Lo sviluppo dei s. interferometrici si è realizzato di pari passo con l'affermarsi delle comunicazioni in fibra ottica, grazie all'impiego di componenti optoelettronici di elevata affidabilità utilizzati per dividere, miscelare, modulare, rilevare i dati convogliati nelle fibre stesse. In tab. 5 sono riportati i principali tipi di s. interferometrici intrinseci ed estrinseci. Si descrivono a titolo di esempio alcuni di tali s., facendo cenno alle possibili applicazioni.
Un s. di deformazione (estensimetro a fibra ottica) è un dispositivo che può essere reso solidale alla struttura in esame; al limite, nel caso di una struttura cementizia, il s. può essere inserito in fase di getto nel conglomerato stesso.
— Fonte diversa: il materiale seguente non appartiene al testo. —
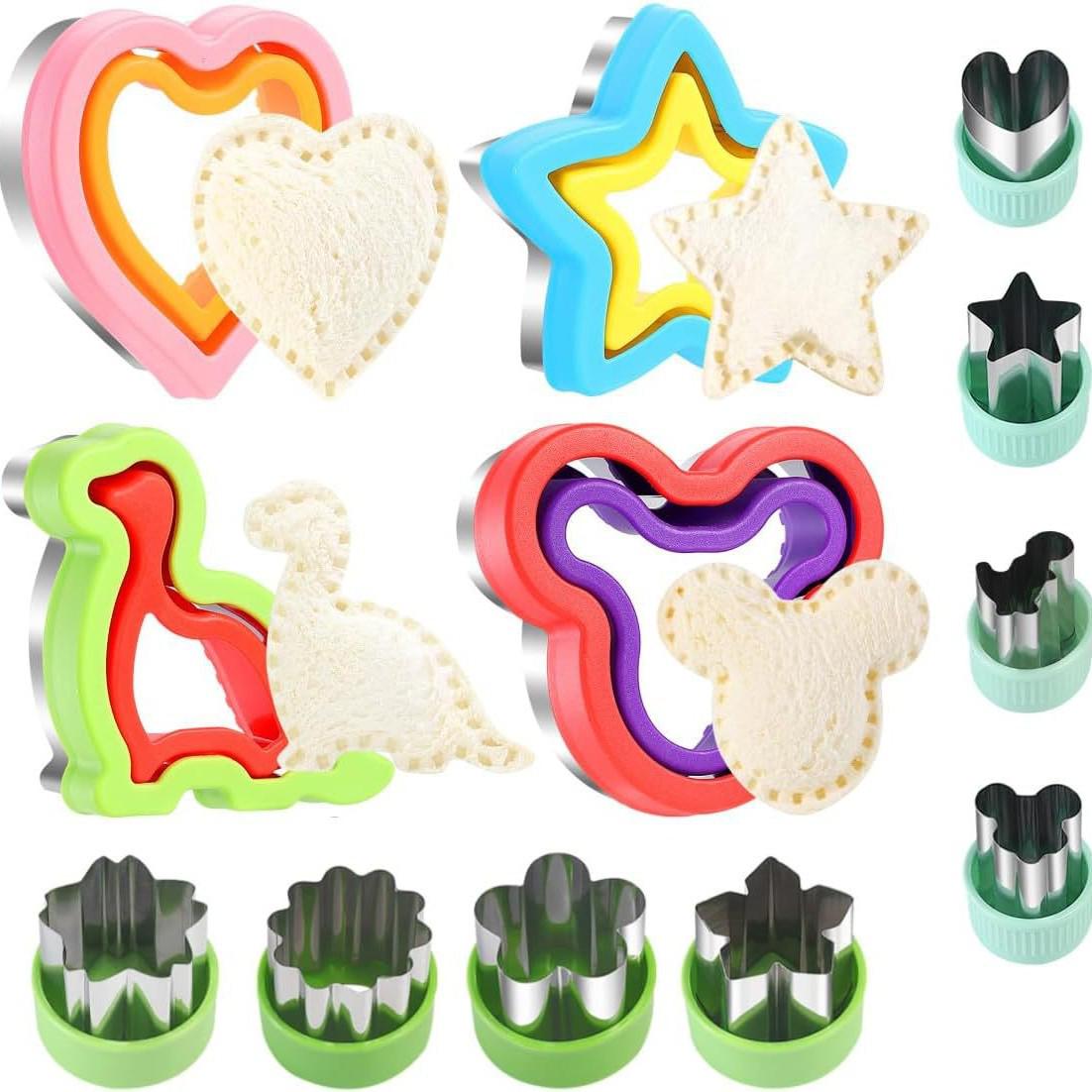 43-Piece Sandwich Bread and Cookie Mold Cutter Set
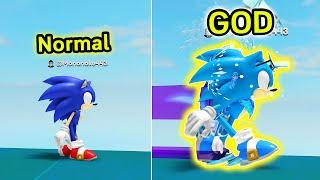 ผมทำให้ Sonic วิ่งเร็วกว่าเดิม 64 เท่า Roblox Sonic Race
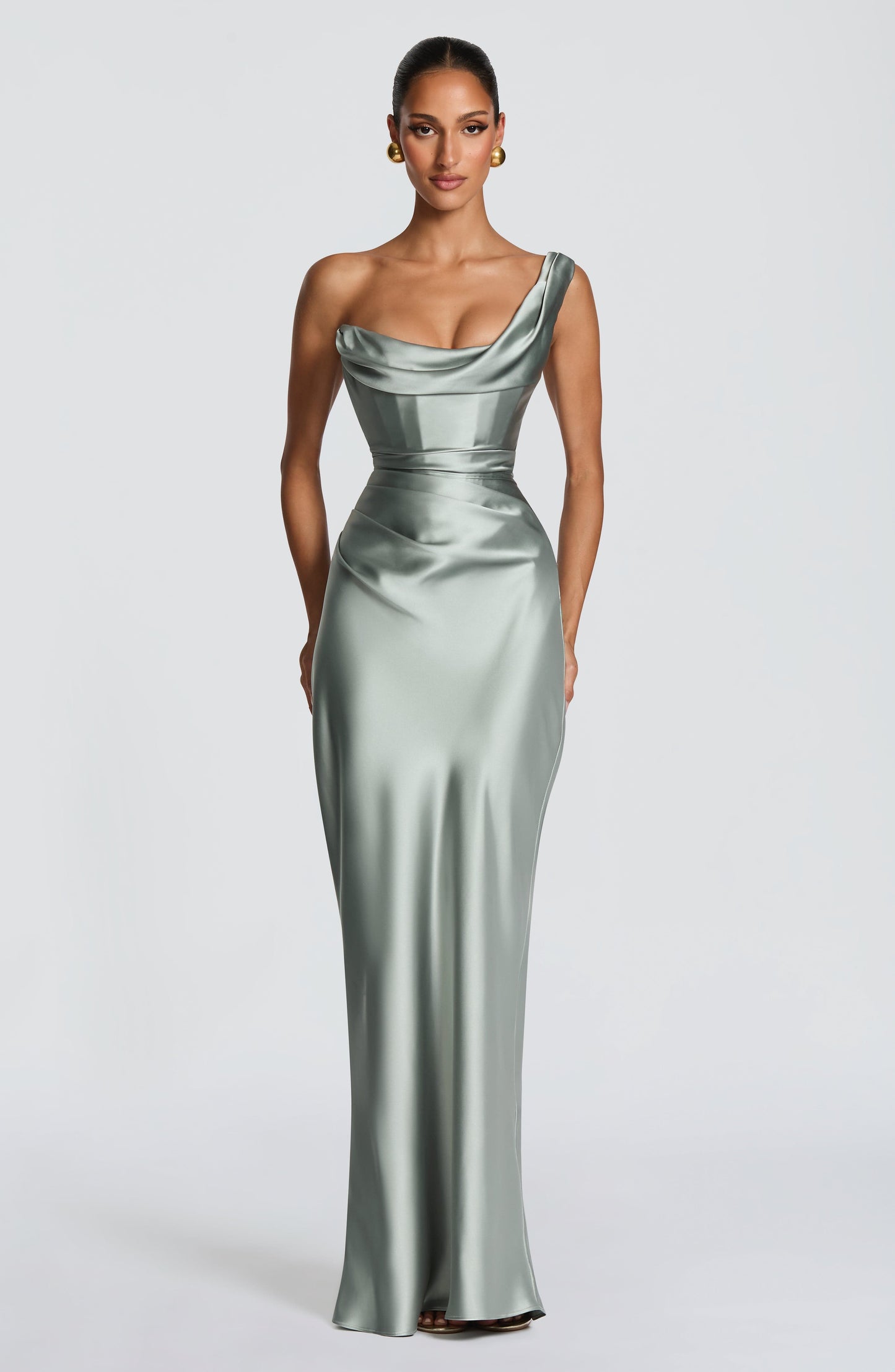 Vestido Thalassa Plateado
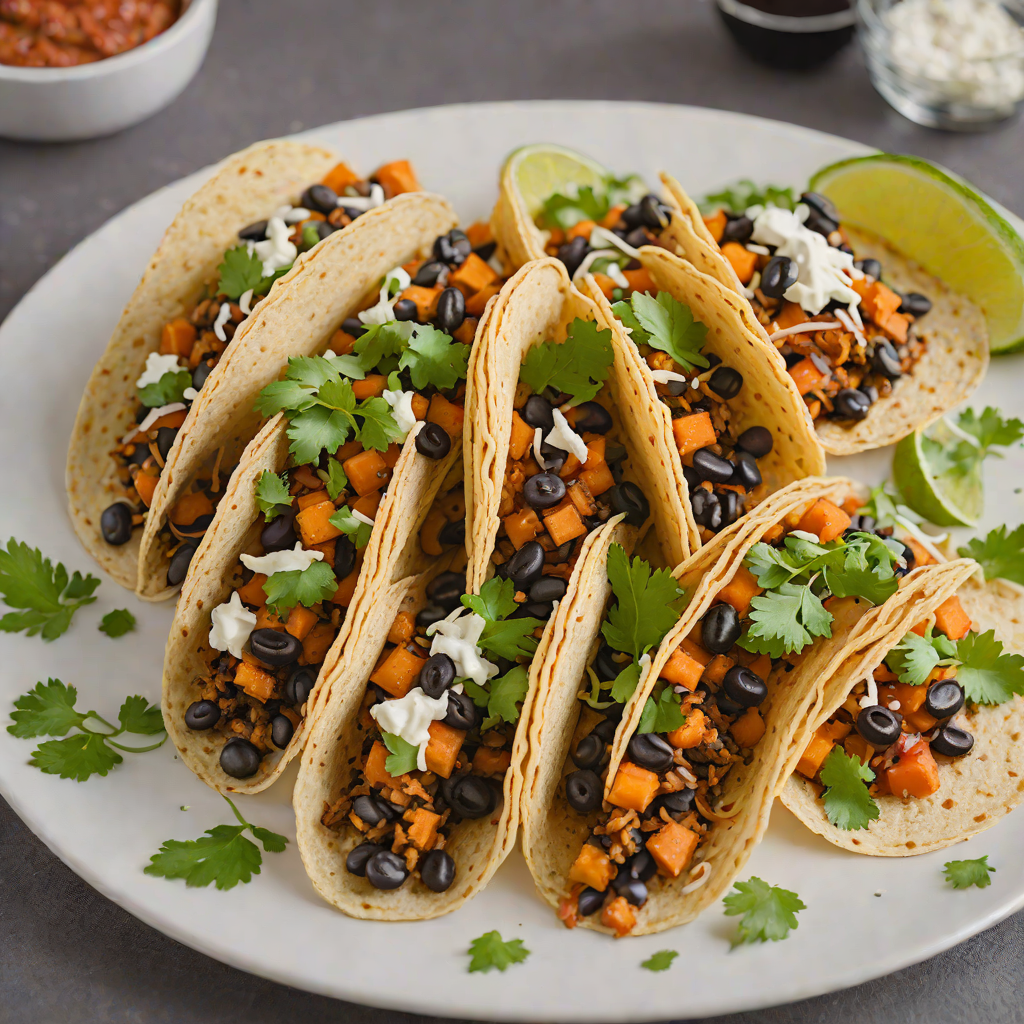 Smoky Sweet Potato and Black Bean Tacos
La deformazione della struttura in esame provoca un allungamento (o un accorciamento) della fibra ottica e una variazione del suo stato di rifrangenza; tutto ciò dà luogo a una variazione del cammino ottico della luce, che viene poi rilevato con tecnica interferometrica. Analogamente a quanto accade per gli estensimetri elettrici a resistenza, gli estensimetri a fibra ottica possono essere utilizzati come s. di pressione o di forza, se applicati a elementi elastici. Un s. di temperatura (termometro a fibra ottica) può essere realizzato disponendo una fibra ottica nel mezzo in cui si vuole misurare la temperatura; le variazioni di temperatura provocano un allungamento della fibra e una variazione del suo indice di rifrazione e, quindi, del cammino ottico della luce.
Fra i s. estrinseci, è tipico il caso dei s. di vibrazione: inviando, tramite fibra, e mediante apposita sonda, una radiazione laser su un elemento meccanico in vibrazione, la radiazione viene riflessa dall'elemento, raccolta dalla sonda, riconvogliata in fibra; l'andamento della vibrazione viene, al solito, rilevato facendo interferire la radiazione riflessa con una radiazione di riferimento.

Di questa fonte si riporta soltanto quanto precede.